Many years have passed since this incident, but a total stranger's horrible comment about my decision not to breastfeed my daughter still haunts me. I never even saw this person face to face, since she mom-shamed me online. Still, her harsh words ring in my ears to this day.
It all started because I'd written a blog post about why I chose to formula feed and how well it was going following an emotional, but ultimately failed, experience with breastfeeding. I felt good sharing my story and hoped it would help other moms who were also struggling to breastfeed embrace formula feeding without feeling guilty or ashamed. I shouldn't have read the comments; I knew I shouldn't have read the comments. But I did, and there they were — words that cut me so deep, it was as if I'd just been stabbed in the heart: YOU DON'T DESERVE TO BE A MOTHER.
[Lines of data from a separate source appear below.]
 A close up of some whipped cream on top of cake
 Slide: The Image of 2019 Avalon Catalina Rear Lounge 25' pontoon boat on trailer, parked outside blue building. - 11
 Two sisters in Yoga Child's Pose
There they were — words that cut me so deep, it was as if I'd just been stabbed in the heart: YOU DON'T DESERVE TO BE A MOTHER.
There was more. Some stuff about how selfish I was for not breastfeeding, and how my kids would grow up to hate me. You know, your typical internet troll rant that I should have ignored or laughed off. But for some reason, I couldn't. Maybe it was because this stranger had laid bare my deepest fears, namely that because I'd failed to make breastfeeding work, I was somehow less of a good mother for my child. Or that, just as she'd hinted, I could never stack up against other moms who breastfed, and their kids were better off.
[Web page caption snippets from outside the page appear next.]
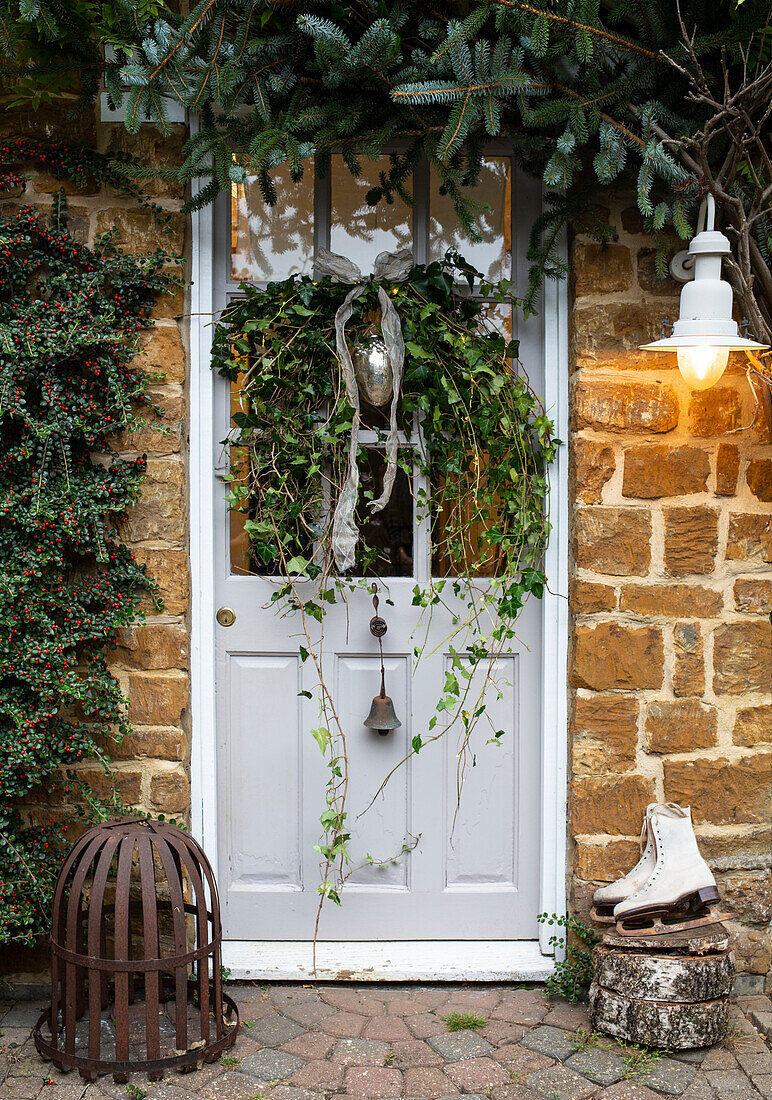 Festive front door with wreath and lantern, Oxfordshire, UK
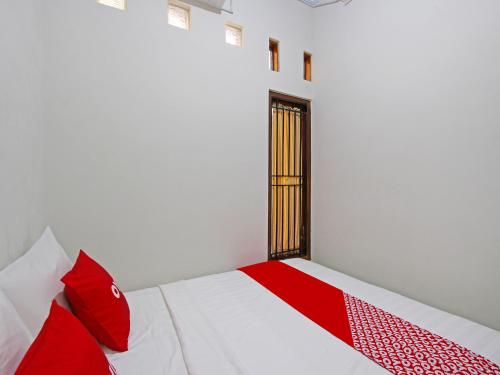 Schlafzimmer mit einem roten und weißen Bett und einem Fenster in der Unterkunft OYO 91487 Ib Homestay Syariah in Tegal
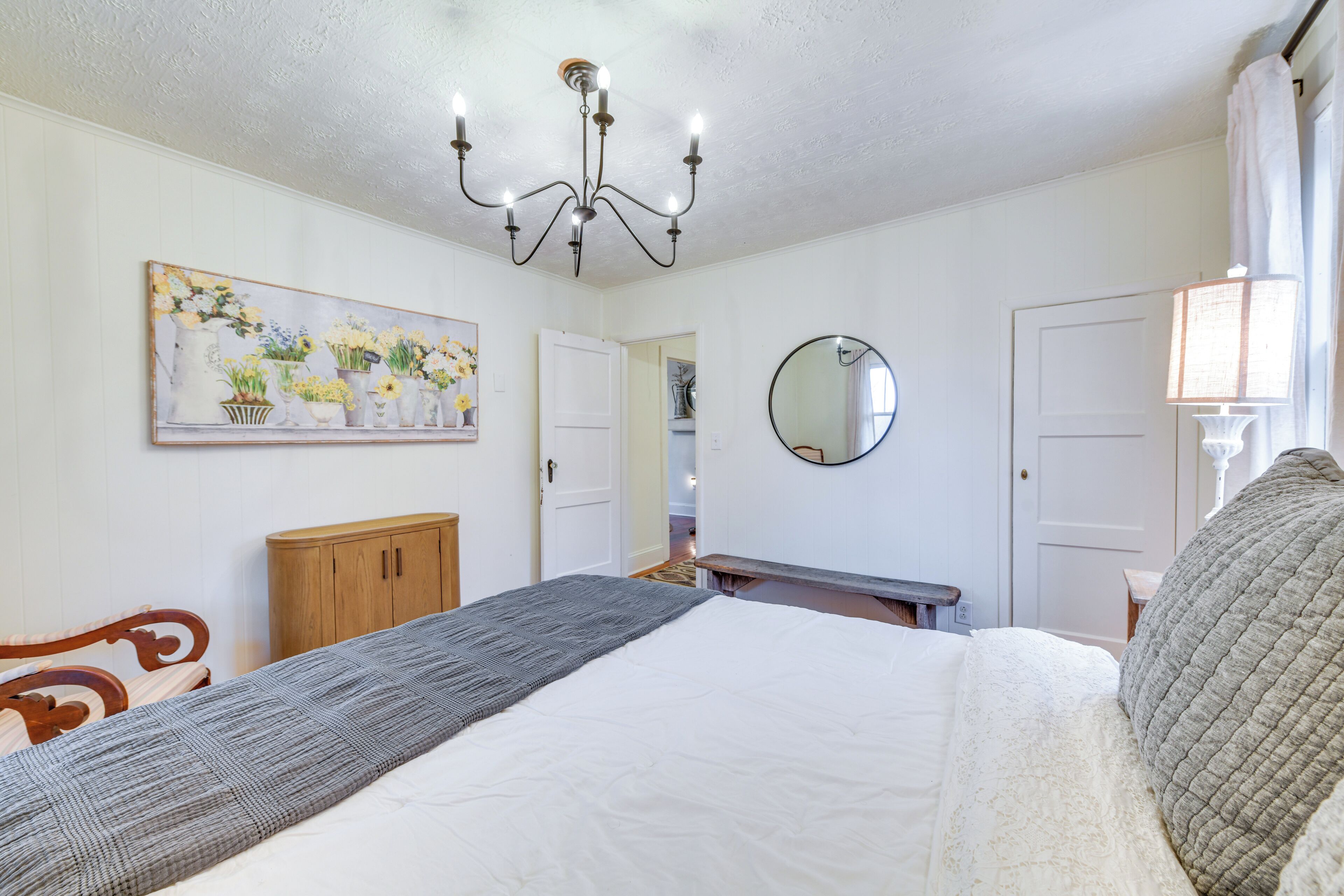 A bedroom with a bed, a wooden cabinet, a painting, a mirror, and a chandelier.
Against my better judgment, I wrote back to let this person know how badly her comment hurt me. Then I chastised myself even more for letting her know she'd "won" by getting a reaction out of me. Luckily, I was able to wrangle up enough self-control to close my laptop and never look to see whether she'd responded with more garbage. But I'd be lying if I claimed that was the end of it. In tears, I went to my husband and recounted the vile things this mom-shamer had said to me. Of course, he said exactly what I needed to hear: That this person didn't know me. She had no idea what kind of mom I was. And it was easy for her to say horrible stuff about me from the safety of her computer, wherever the hell she lived.
I knew all of this was true. But it took me days, maybe weeks, to get her comment out of my mind. YOU DON'T DESERVE TO BE A MOTHER. YOU DON'T DESERVE TO BE A MOTHER. Years later, I still remember how badly her words hurt. And any time I'm feeling insecure or down on myself about my parenting choices, I hear those words in my head: YOU DON'T DESERVE TO BE A MOTHER.
I can't change what was said or how negatively it affected me, but here's the positive I take away: mom-shaming has a real impact. No matter how casually someone makes a remark, it can stay with a mother forever. And while I'm much more content with my parenting choices now and try not to let that noise affect me, I'll never forget it. And in turn, I watch what I say to other moms, both in person and online. You never know how low she's feeling or how much saying something supportive instead could change her life for the better.